DNA sequencing is the process of determining the sequence of nucleotide bases, adenine (A), thymidine (T), cytosine (C) and guanine (G) in a piece of DNA.

To sequence an entire genome which is all of the organism’s DNA is extremely complex. It requires breaking genomic DNA into many smaller pieces, sequencing each of those pieces, assembling the sequences into  a single long consensus. New methods have been developed over the years which are now much quicker and less expensive. Even so without those pioneering early methods we would not understand how genes are constructed. It has also led to the development of the Human genome project.

The Context For Sanger’s Sequencing Method: Chain termination.

The DNA sequencing method developed by Fred Sanger is the basis of the automated ‘cycle’ of sequencing reactions we use today. In the 1980s there were a couple of developments in molecular biology that showed scientists working in genetic engineering that it would be feasible to clone an entire genome.

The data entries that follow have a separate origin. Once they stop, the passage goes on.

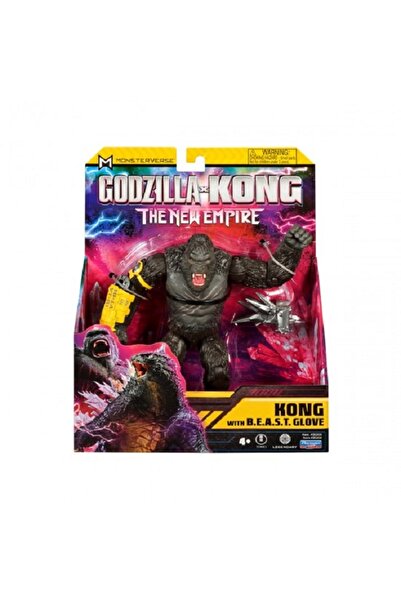 OEM Figurina cu articulatii Kong 15 cm cu manusa seria Godzilla x Kong, T...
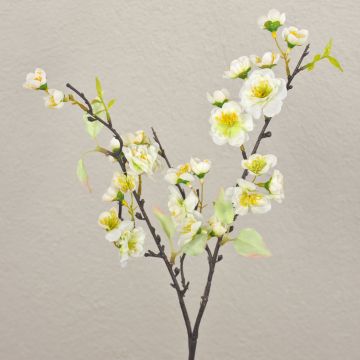 Artificial cherry blossom branch SOEY with blossoms, cream-white, 18"/45cm, Ø0.8"-1.8"/2-4.5cm Artificial cherry blossom branch SOEY with blossoms, cream-white, 18"/45cm, Ø0.8"-1.8"/2-4.5cm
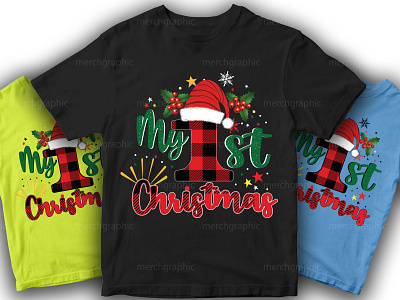 My 1st Christmas t shirt design .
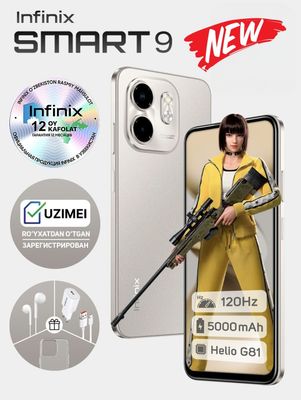 Infinix SMART 9 2025 New Super Skidka+Garantiya+Dastavka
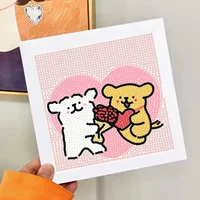 【Love Puppy】 Пластическая рама 17*17 см+ пакет инструментов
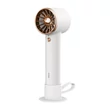 Kép 2/6 - Baseus Flyer Turbine hordozható kézi ventilátor + USB-C kábel (fehér)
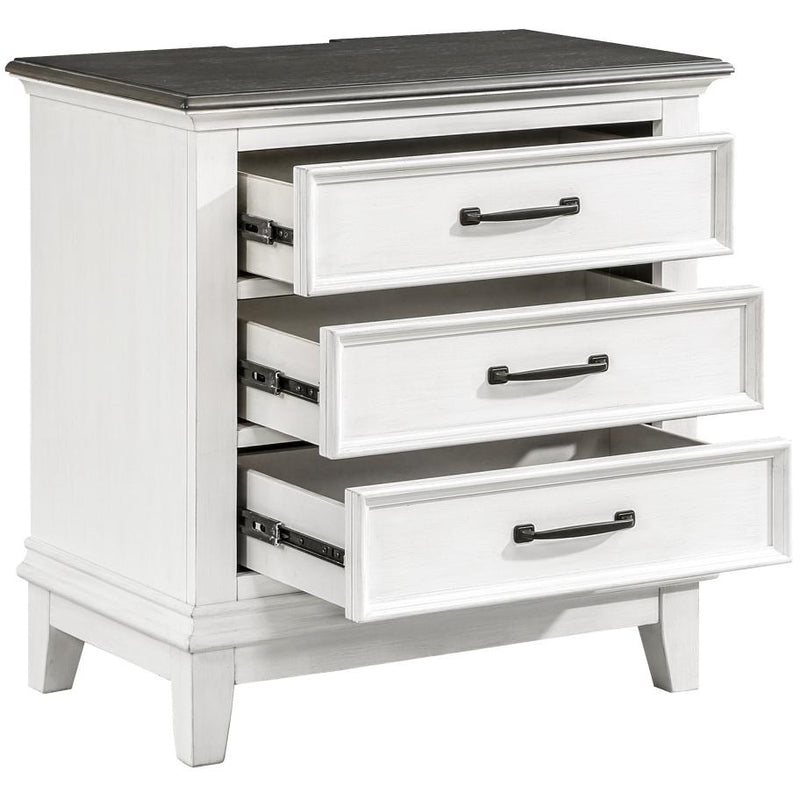 Homelegance Chesterton 3-Drawer Nightstand 1463-4 IMAGE 3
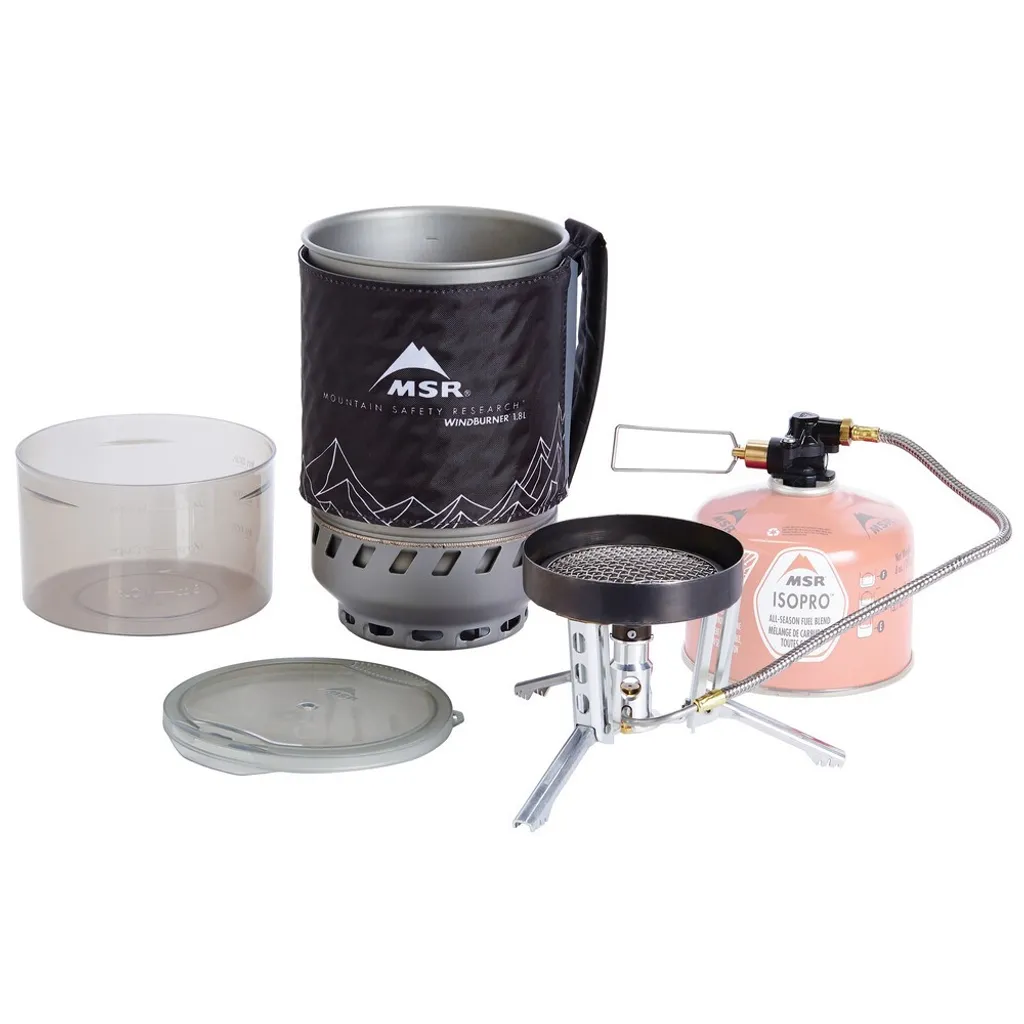 Réchaud de Randonnée MSR WindBurner Duo 1.8L - Système de Cuisson Rapide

The first technique was the polymerase chain reaction (PCR) which meant that many copies of a DNA sequence could be quickly and accurately produced. The second technique was the automated method of DNA sequencing which builds on the chemistry behind PCR and Fred Sanger’s sequencing process that he published in 1977. The commercial system was developed and sold by Applied Biosystems and it still remains a viable commercial sequencing method into the 2020s.

The method is ideal for relatively short pieces of DNA which are about 900 base pairs in length. It is the approach used in the Human Genome Project where small sections of DNA have been routinely analysed. To construct a larger sequence, fragments of DNA are aligned as overlapping portions. The sequences of larger sections of DNA are built up and eventually the entire chromosome is sequenced.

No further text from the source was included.